◆ What this task involves
When you repeat the listing below, keep every word exactly and leave out each picture.
********************
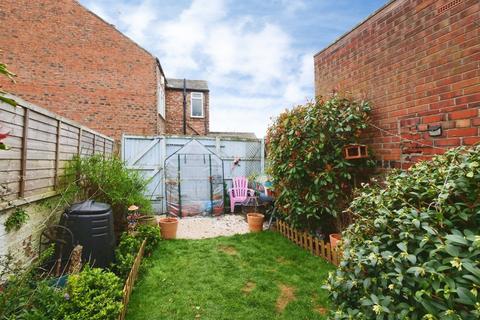 2 bedroom terraced house for sale, Ratcliffe Street, YORK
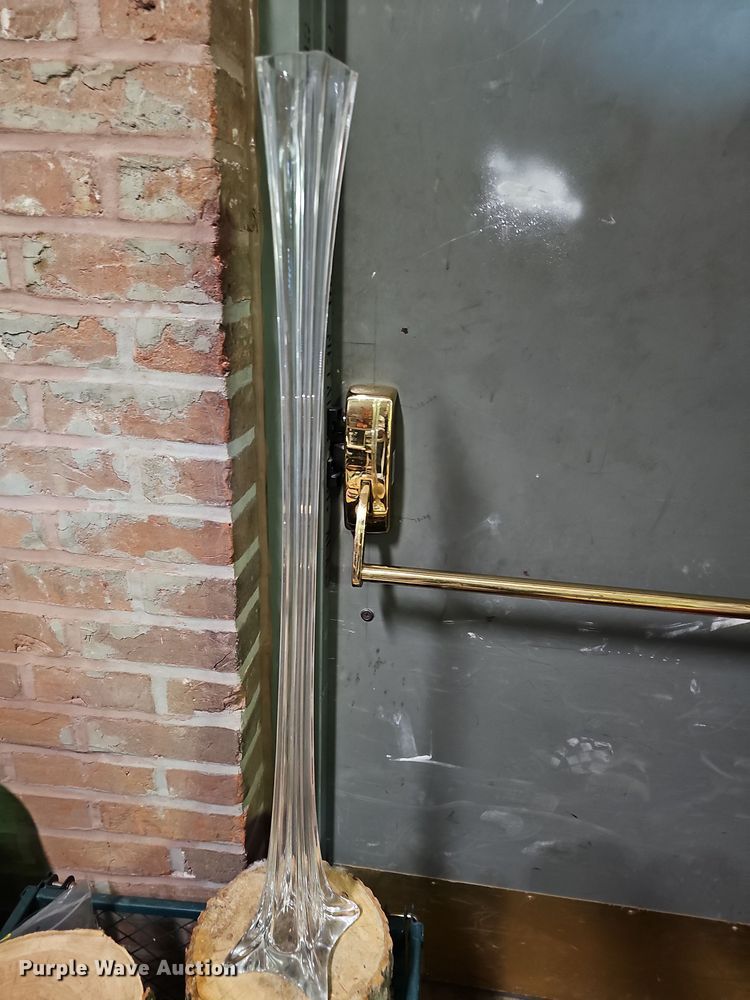 image for item NJ9790 (24) 32" vases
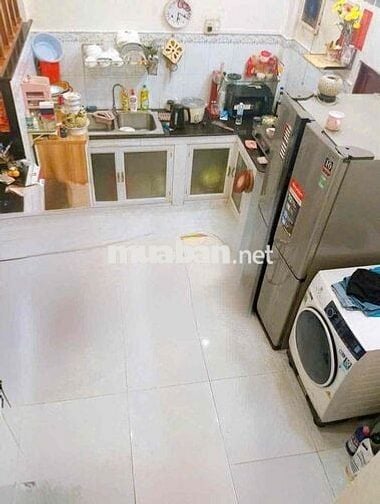 ĐOÀN VĂN BƠ - CÁCH MẶT TIỀN CHỈ VÀI CHỤC MÉT - KHU DÂN CƯ HIỆN HỮU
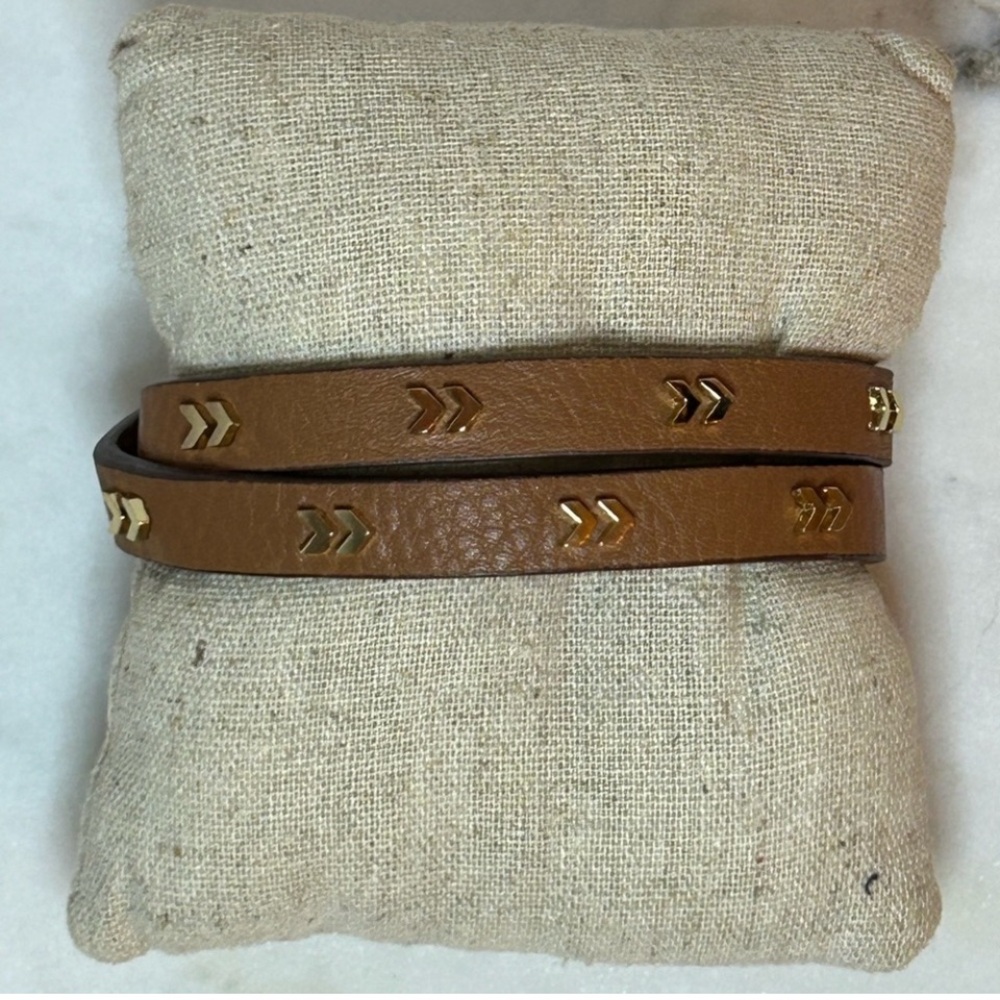 🤎Stella & Dot Tan Leather Wrap Bracelet with Gold Chevron Accents - Picture 2 of 4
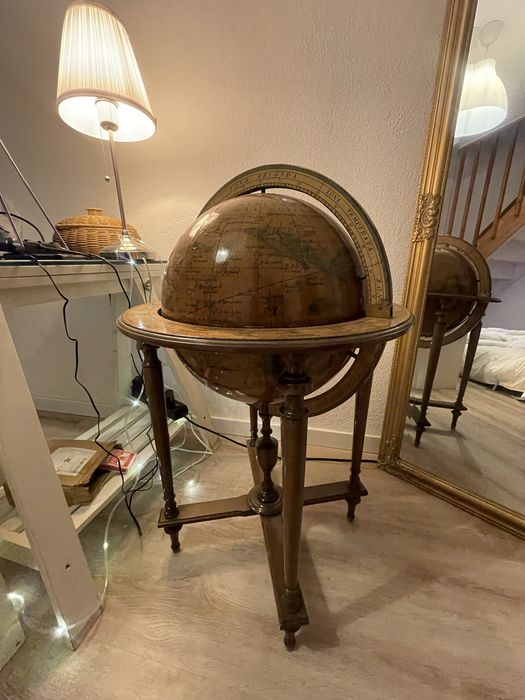 Mini bar globo em madeira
********************
◆ Result of this task
 2 bedroom terraced house for sale, Ratcliffe Street, YORK
 image for item NJ9790 (24) 32" vases
 ĐOÀN VĂN BƠ - CÁCH MẶT TIỀN CHỈ VÀI CHỤC MÉT - KHU DÂN CƯ HIỆN HỮU
 🤎Stella & Dot Tan Leather Wrap Bracelet with Gold Chevron Accents - Picture 2 of 4
 Mini bar globo em madeira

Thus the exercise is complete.